Material supplied Block Start
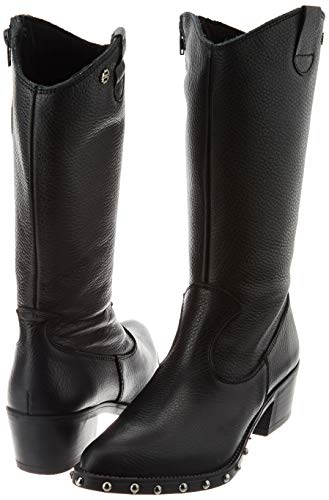 Porronet ENYA, Botas de Moda para Mujer, Negro, 39 EU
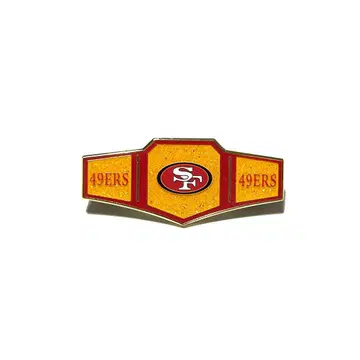 49ERS CHAMPION BELT 형 핀 배지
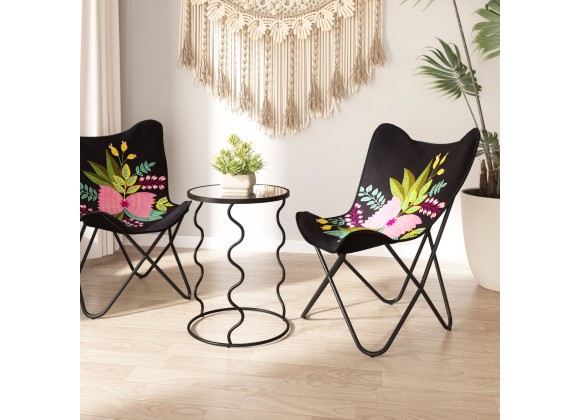 Bastia Side Table in Black-Lifestyle 1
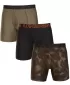 Herren-Boxershorts UNDER ARMOUR M UA PERF TECH (3KS) 1383879-392 SCHWARZ MIT SOLARORANGE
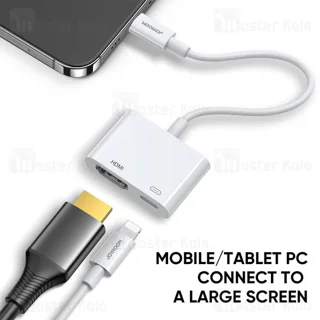 تبدیل لایتنینگ اتصال همزمان شارژر و HDMI جویروم Joyroom S-H141 - تصویر 3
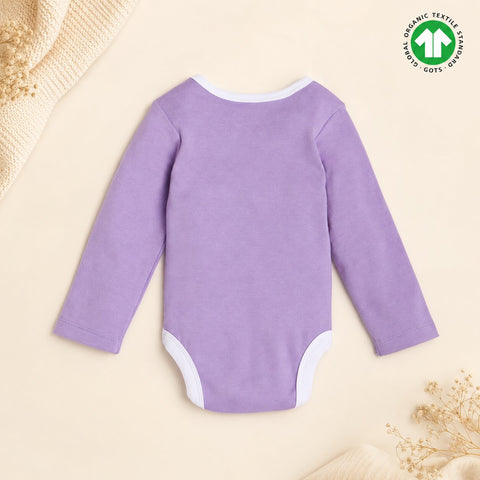 Organic Cotton Bodysuit (2pc Combo) Lavender and Rust Orange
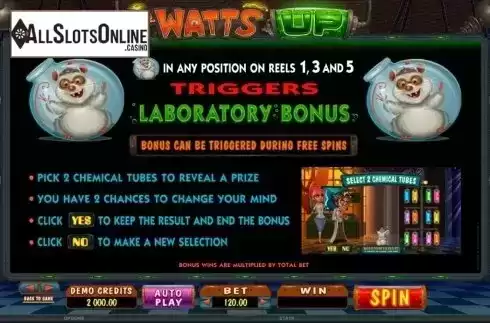Screen5. Dr Watts Up from Microgaming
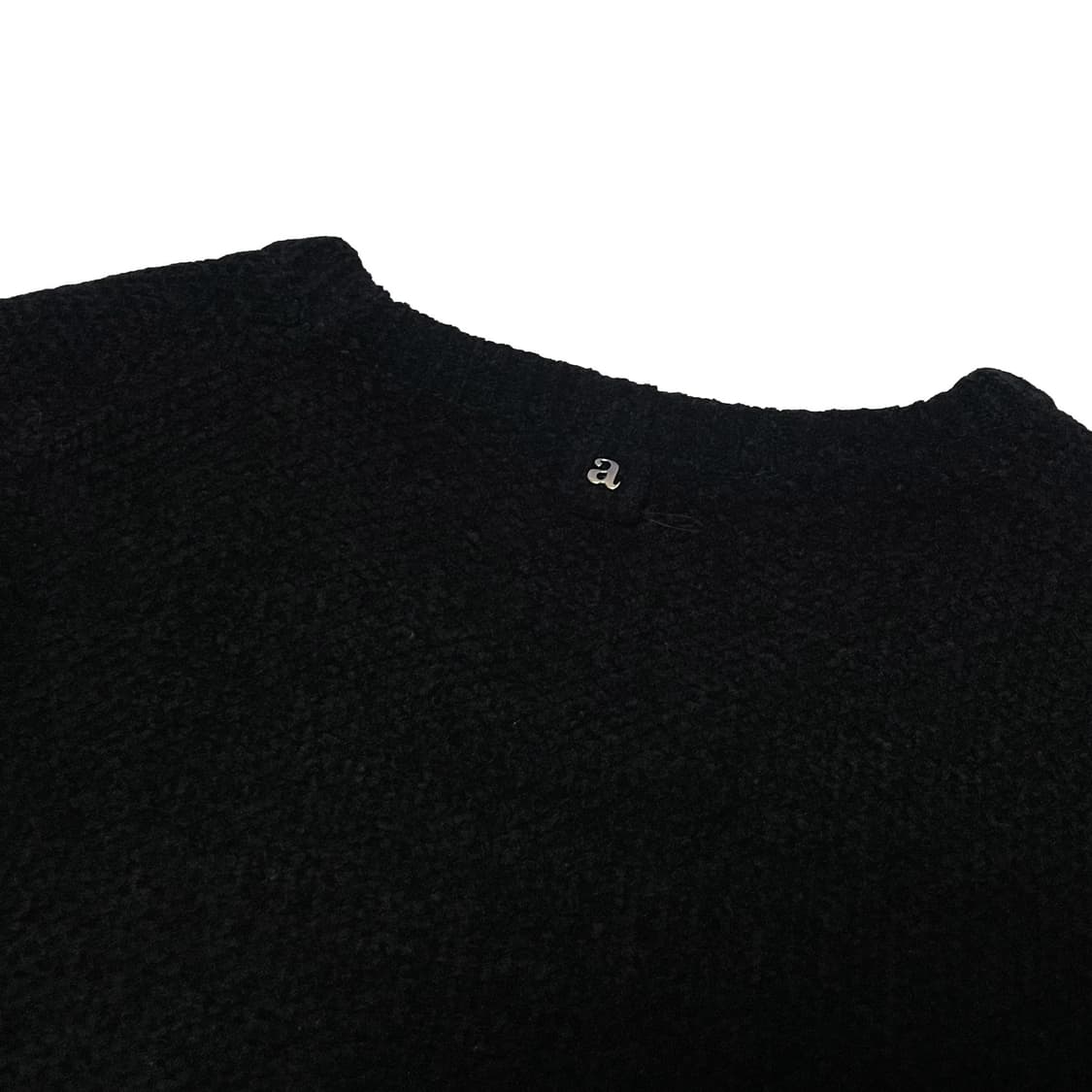 알레그리 블랙 라운드넥 니트 상품이미지5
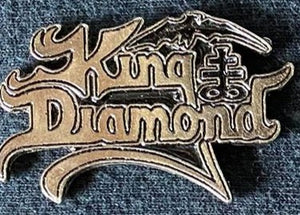 King Diamond Metal Badge
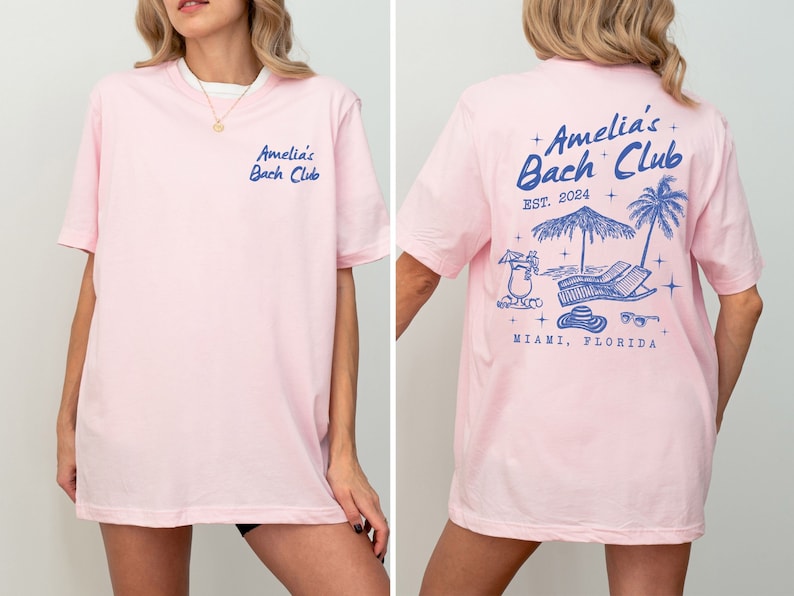 Custom Beach Bachelorette Shirts, Beach Bride Shirt, Bachelorette Party Shirt, Bach Club Bachelorette Gift, Beach Bride and Bridesmaid Gifts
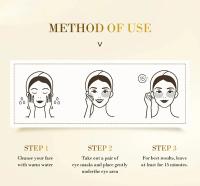 60 uds mascarilla hidratante dorada para ojos alivia la fatiga ocular nutre el área de los ojos mascarilla de colágeno para ojos de cristal mascarillas coreanas para el cuidado de la piel - details 5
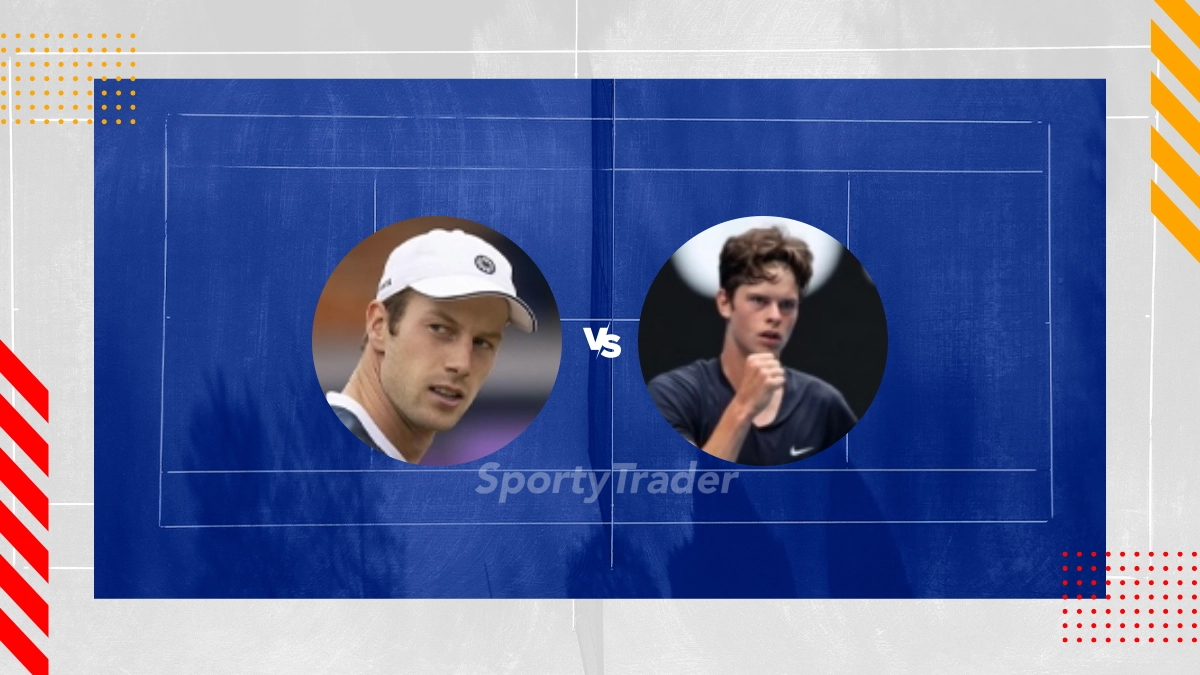 Pronostic Botic Van De Zandschulp vs Alexander Blockx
Material supplied Block End
*Exercise prompt*: Exactly the lines from the one holding "알레그리 블랙 라운드넥 니트 상품이미지5" through the last line of the entries must be set down, with nothing added and no pictures.

*Completed task*:
 알레그리 블랙 라운드넥 니트 상품이미지5
 King Diamond Metal Badge
 Custom Beach Bachelorette Shirts, Beach Bride Shirt, Bachelorette Party Shirt, Bach Club Bachelorette Gift, Beach Bride and Bridesmaid Gifts
 60 uds mascarilla hidratante dorada para ojos alivia la fatiga ocular nutre el área de los ojos mascarilla de colágeno para ojos de cristal mascarillas coreanas para el cuidado de la piel - details 5
 Pronostic Botic Van De Zandschulp vs Alexander Blockx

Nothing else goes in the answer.